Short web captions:
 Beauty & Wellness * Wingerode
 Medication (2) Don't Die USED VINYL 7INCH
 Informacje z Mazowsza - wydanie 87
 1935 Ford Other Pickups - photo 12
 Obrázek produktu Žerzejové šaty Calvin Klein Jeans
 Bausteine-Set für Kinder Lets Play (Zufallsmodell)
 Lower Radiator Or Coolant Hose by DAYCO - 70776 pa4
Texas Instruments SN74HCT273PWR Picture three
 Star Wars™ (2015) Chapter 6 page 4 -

...

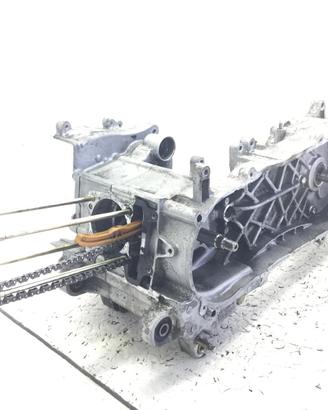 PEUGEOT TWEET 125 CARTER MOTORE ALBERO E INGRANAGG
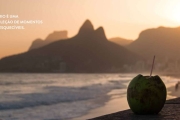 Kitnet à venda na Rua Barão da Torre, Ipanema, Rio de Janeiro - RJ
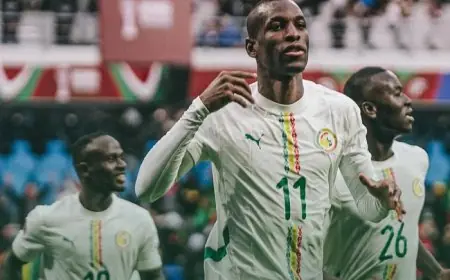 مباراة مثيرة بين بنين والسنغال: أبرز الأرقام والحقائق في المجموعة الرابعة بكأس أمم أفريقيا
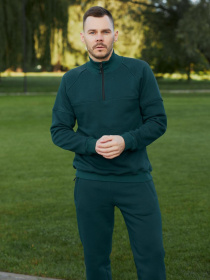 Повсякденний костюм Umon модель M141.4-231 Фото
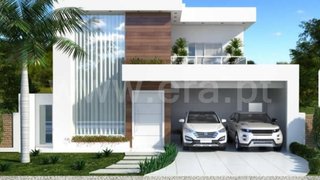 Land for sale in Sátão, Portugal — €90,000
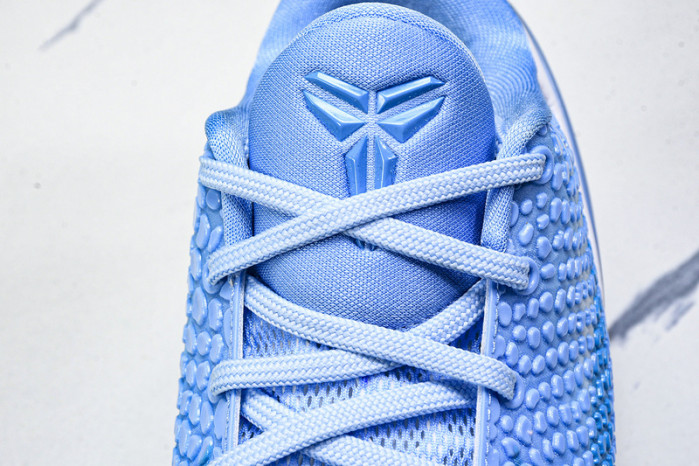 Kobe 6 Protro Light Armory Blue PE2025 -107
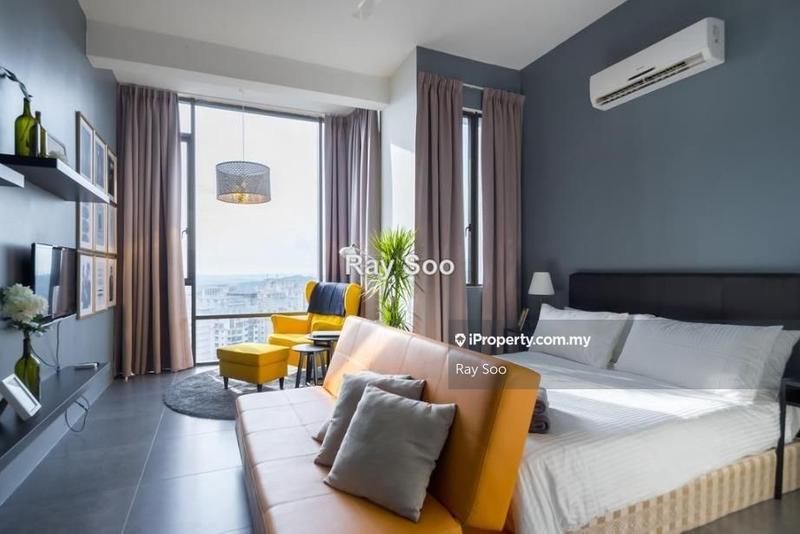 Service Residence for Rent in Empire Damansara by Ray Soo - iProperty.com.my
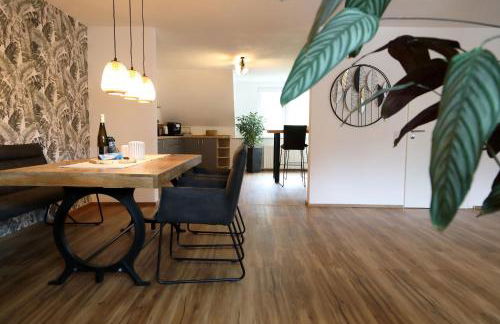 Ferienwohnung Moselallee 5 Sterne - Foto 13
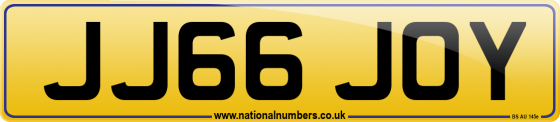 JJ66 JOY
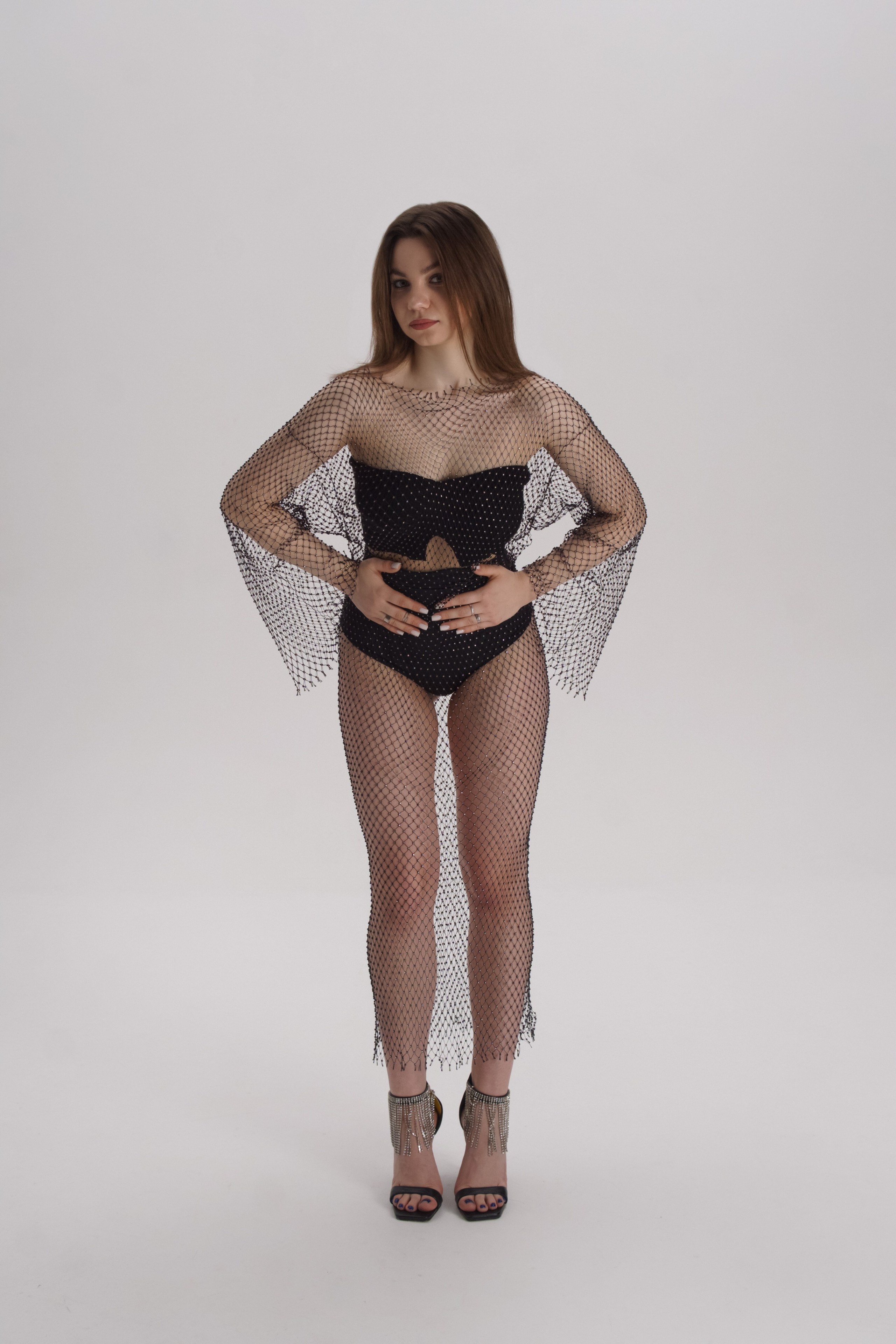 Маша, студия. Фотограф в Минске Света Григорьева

■ **PROBLEM TO SOLVE**
Reproduce the data above exactly, but only the lines from the one showing "Kobe 6 Protro Light Armory Blue PE2025 -107" through the one showing "Маша, студия. Фотограф", with both ends kept and the pictures left out.

■ **SOLVED PROBLEM**
 Kobe 6 Protro Light Armory Blue PE2025 -107
 Service Residence for Rent in Empire Damansara by Ray Soo - iProperty.com.my
 Ferienwohnung Moselallee 5 Sterne - Foto 13
 JJ66 JOY
 Маша, студия. Фотограф в Минске Света Григорьева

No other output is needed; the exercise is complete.